The paper presents basic concepts of a new type of algorithm for the numerical computation of what the authors call the essential dynamics of molecular systems. Mathematically speaking, such systems are described by Hamiltonian differential equations. In the bulk of applications, individual trajectories are of no specific interest. Rather, time averages of physical observables or relaxation times of conformational changes need to be actually computed. In the language of dynamical systems, such information is contained in the natural invariant measure (infinite relaxation time) or in almost invariant sets (“large” finite relaxation times).

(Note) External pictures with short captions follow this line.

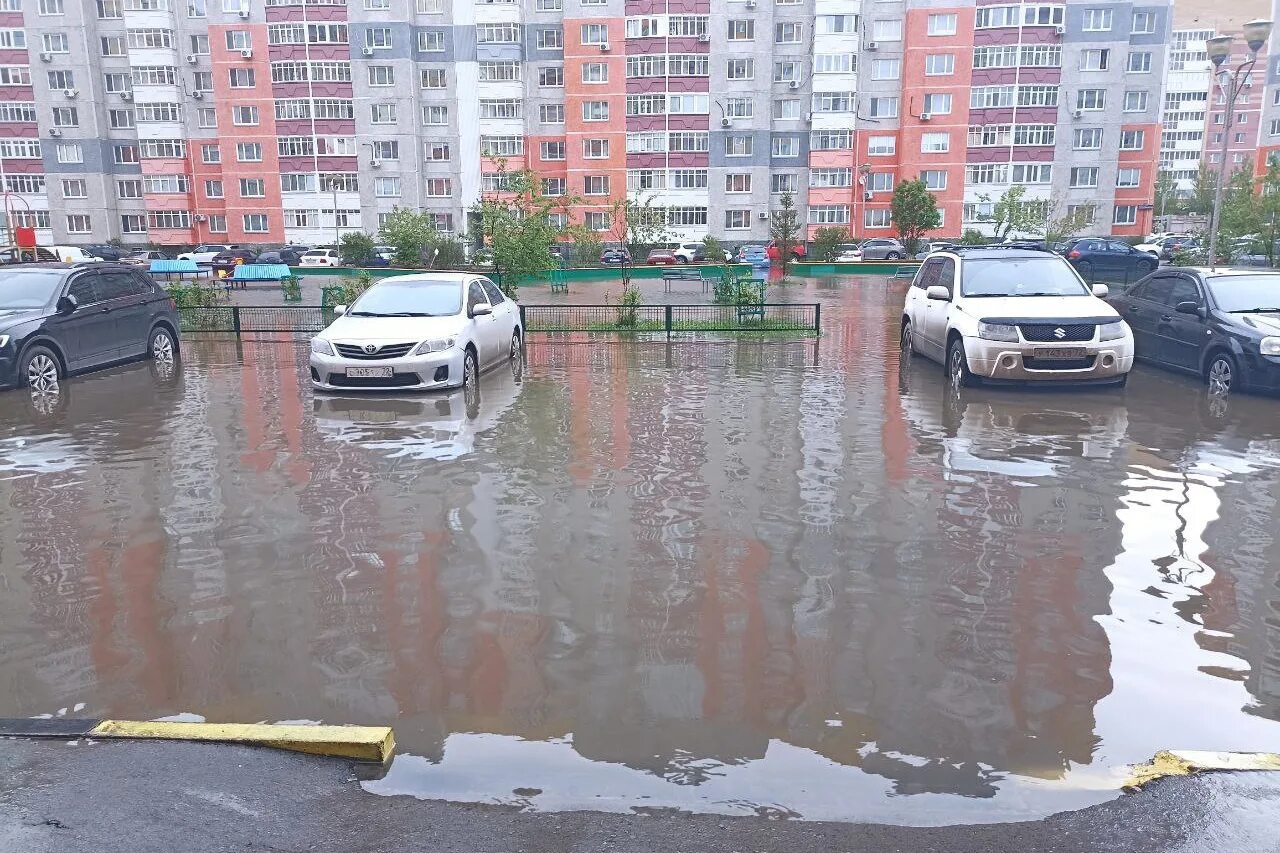 Тюмень топит. Лужи Тюмень. Тюмень потоп. Тюмень затопило. Тюмень дождь.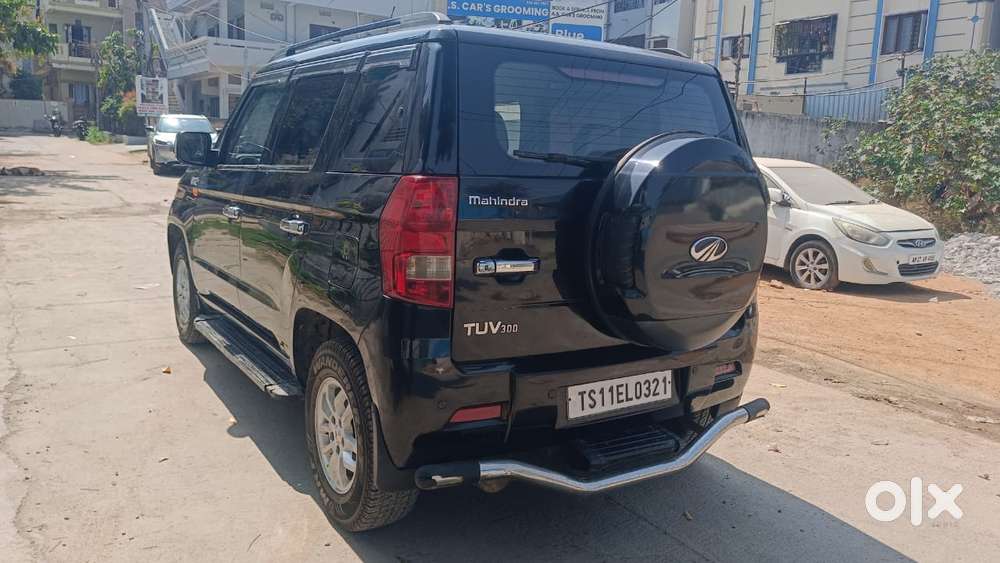 Mahindra Tuv 300 T8, 2017, Diesel
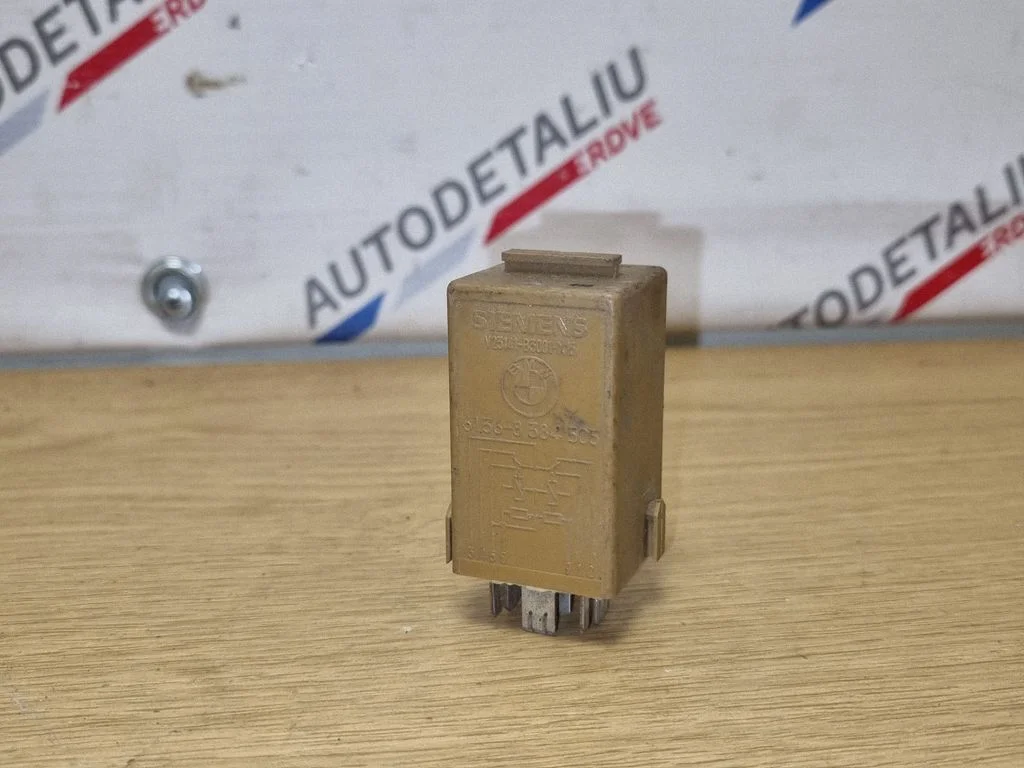 Przekaźnik sterowania szybami – BMW Seria 5 E60 E61 (2004-2010)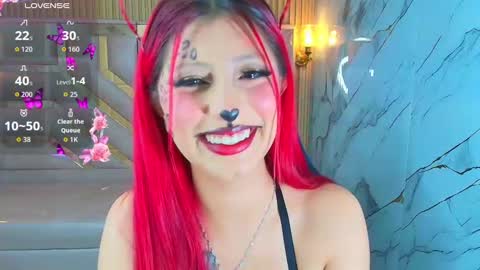 Snapshot of lola_bonnie_r chatting on 4, 10, 2025 Lola online show from 4, 10, 2025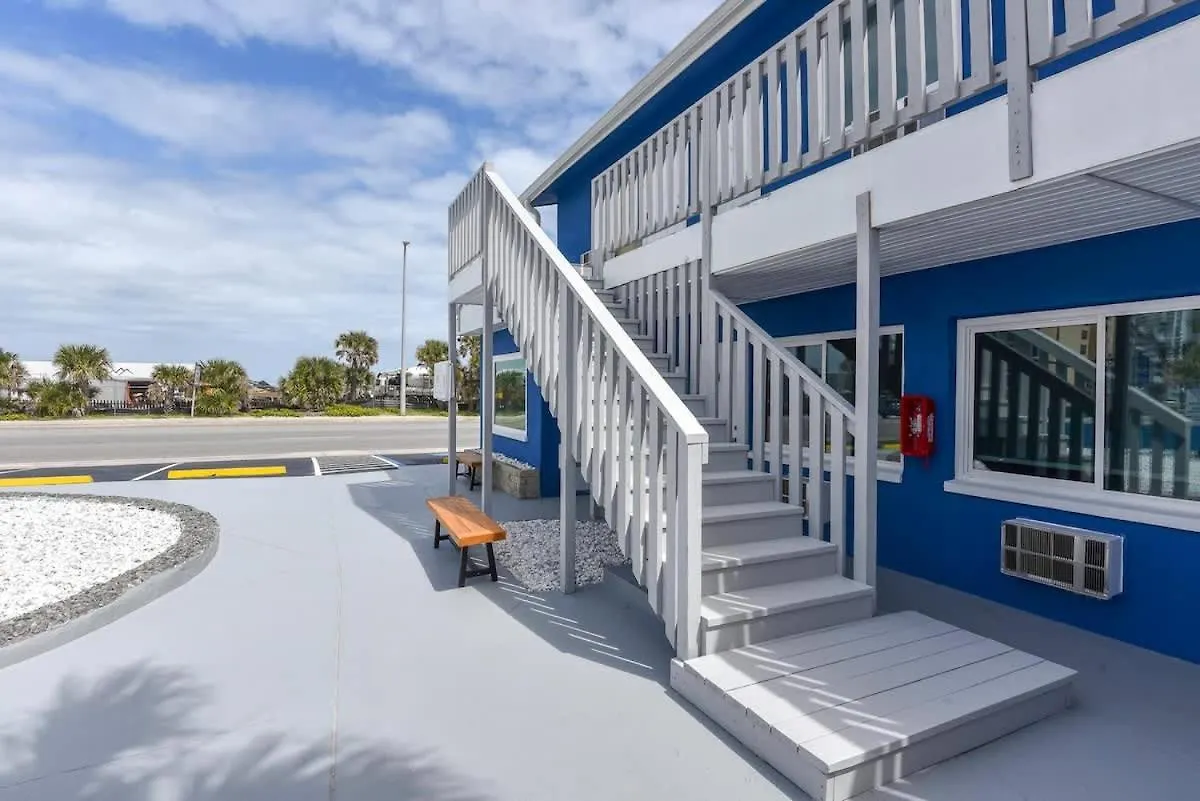 Breathtaking King Suite #9 Steps To Daytona Beach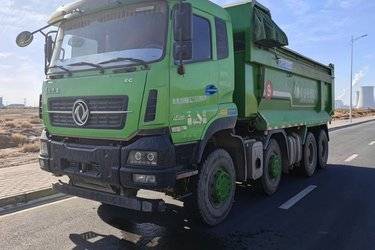 二手东风商用车 天龙KC 420马力 8X4 5.6米自卸车(国五) 前四后八 雷诺二手自卸车 黄牌图片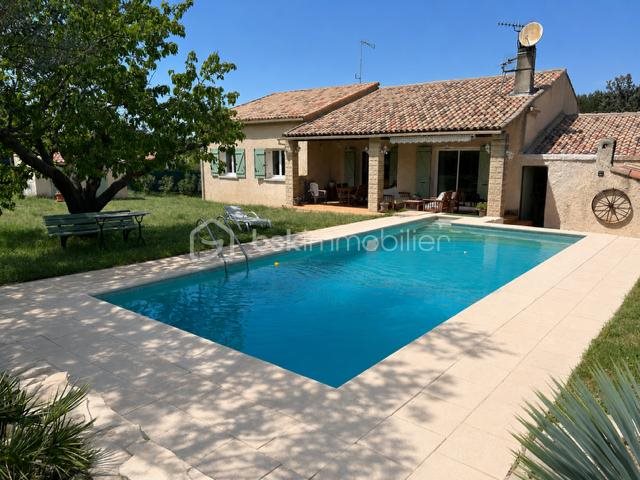 Maison à vendre, 170m², Mimet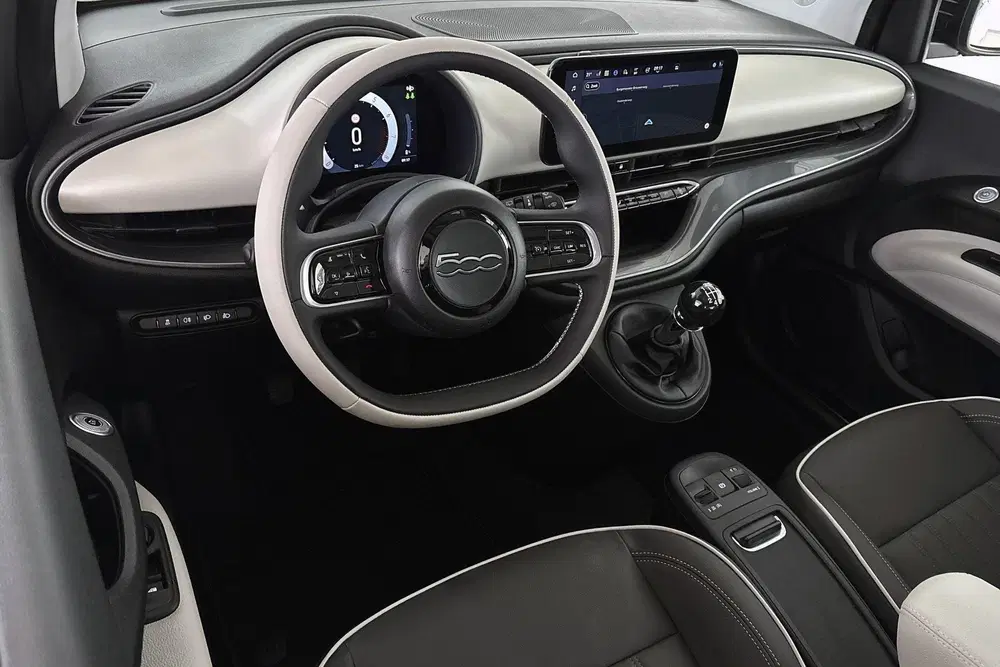 Fiat 500 1.0 Hybrid La Prima Panoramadak Stoelverwa uit 2026, foto 5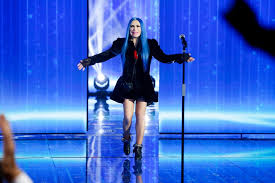 In her long career she has worked with prominent italian songwriters such as pino daniele. Loredana Berte E Il Gesto Choc Durante Il Serale Di Amici 20 Io Non Prendo In Giro Il Mio Pubblico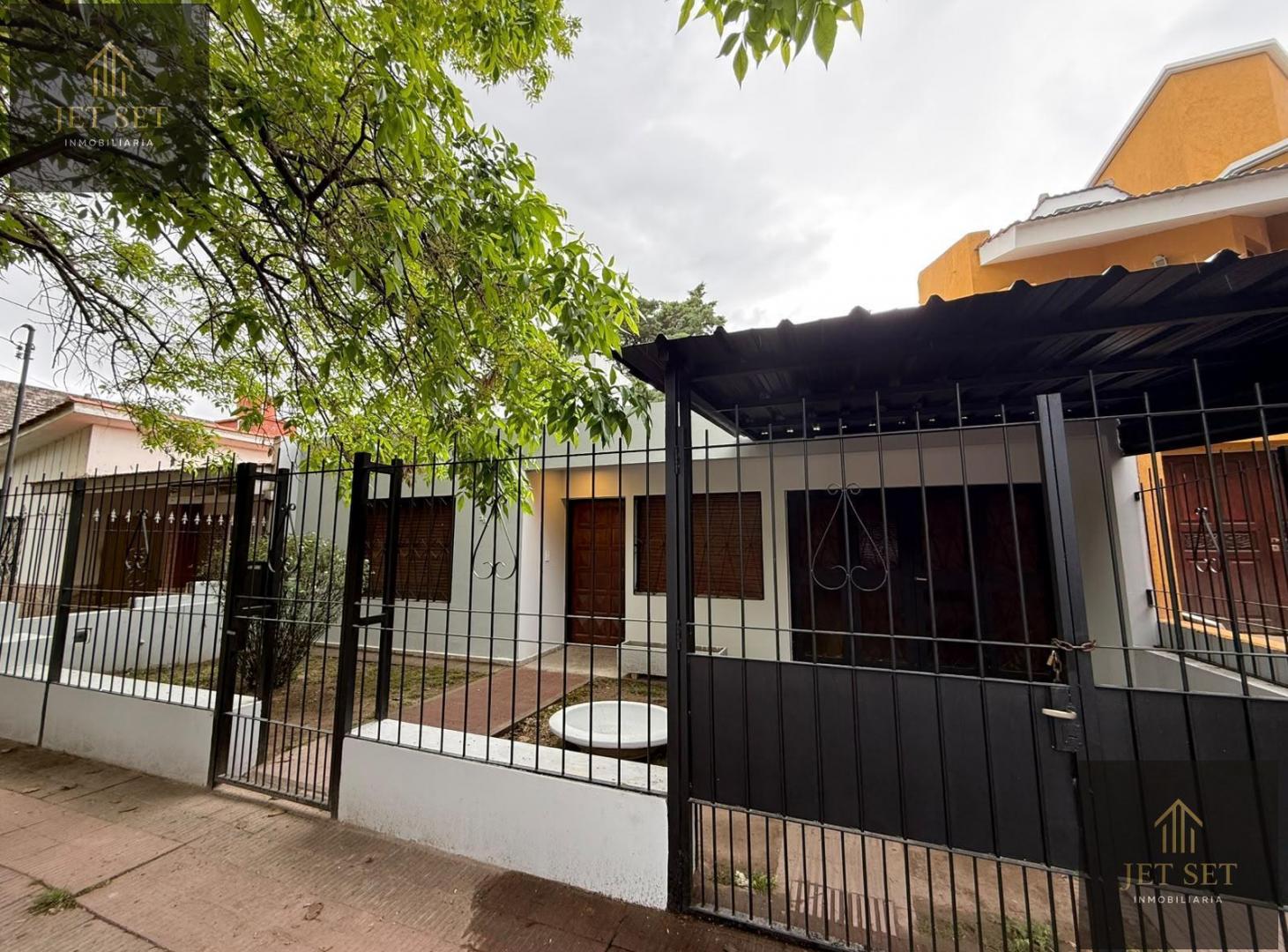 Foto de Casa en venta en Quebrada de las Rosas |2 dorm. escritorio|Una, imagen 2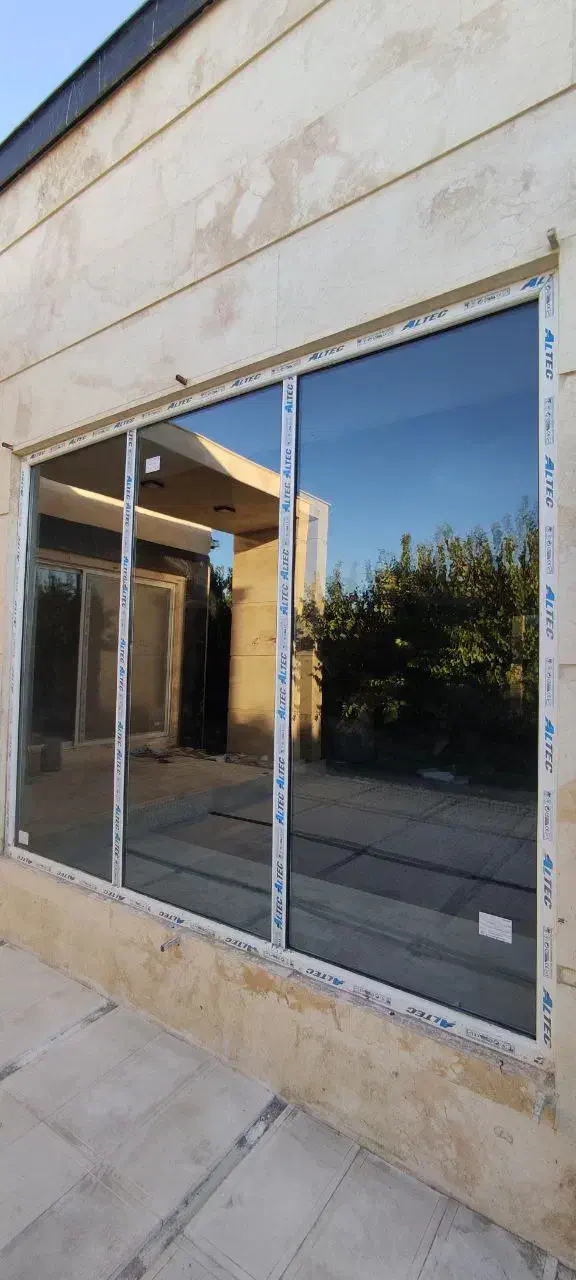 تولید،نصاب،نصب تعمیرات،رگلاژ درب و پنجره دوجداره|خدمات پیشه و مهارت|قشم, |دیوار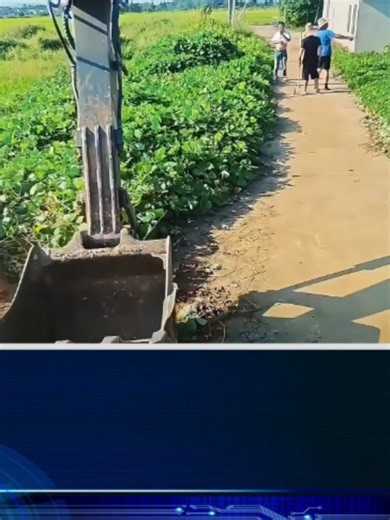 Máy xúc dọn cỏ hiệu quả: hướng dẫn và mẹo lái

The paper suggests the direct computation of these objects via eigenmodes of the associated Frobenius-Perron operator by means of a multilevel subdivision algorithm. The advocated approach is different from both Monte-Carlo techniques on the one hand and long term trajectory simulation on the other hand: in our setup long term trajectories are replaced by short term sub-trajectories, Monte-Carlo techniques are connected via the underlying Frobenius-Perron structure. Numerical experiments with the suggested algorithm are included to illustrate certain distinguishing properties.

Keywords

Hamiltonian System Invariant Measure Energy Cell Essential Dynamic Subdivision Algorithm 
These keywords were added by machine and not by the authors. This process is experimental and the keywords may be updated as the learning algorithm improves.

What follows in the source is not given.